**Exercise details:**
Please give back the listing below word for word, without the images.

**Provided material:**
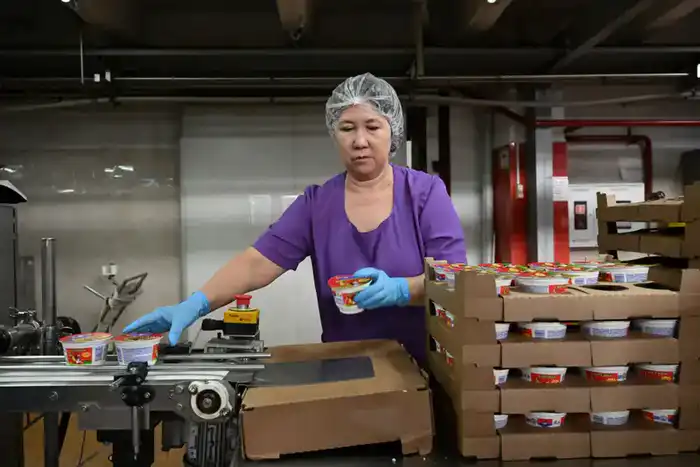 В области Жетісу объем продукции, произведенной субъектами малого и среднего бизнеса, увеличился на 15,2% (4)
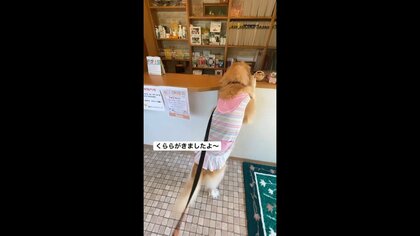 受付から尻尾をフリフリ!診察台にはジャンプ! 病院で大はしゃぎのゴールデンレトリバーが可愛い…理由を飼い主に聞いた
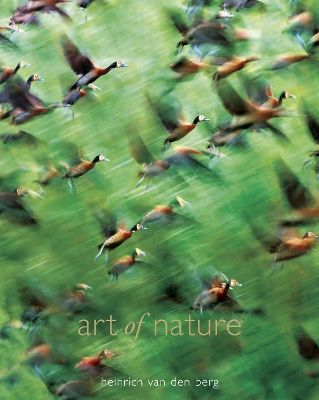 Book cover for Art Of Nature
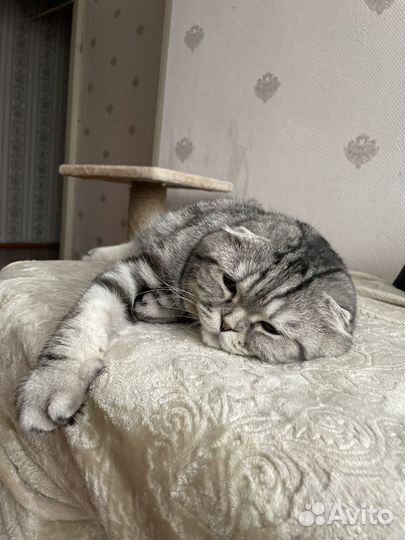 Шотландский вислоухий кот отдам в добрые руки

**Output of the task:**
 В области Жетісу объем продукции, произведенной субъектами малого и среднего бизнеса, увеличился на 15,2% (4)
 受付から尻尾をフリフリ!診察台にはジャンプ! 病院で大はしゃぎのゴールデンレトリバーが可愛い…理由を飼い主に聞いた
 Book cover for Art Of Nature
 Шотландский вислоухий кот отдам в добрые руки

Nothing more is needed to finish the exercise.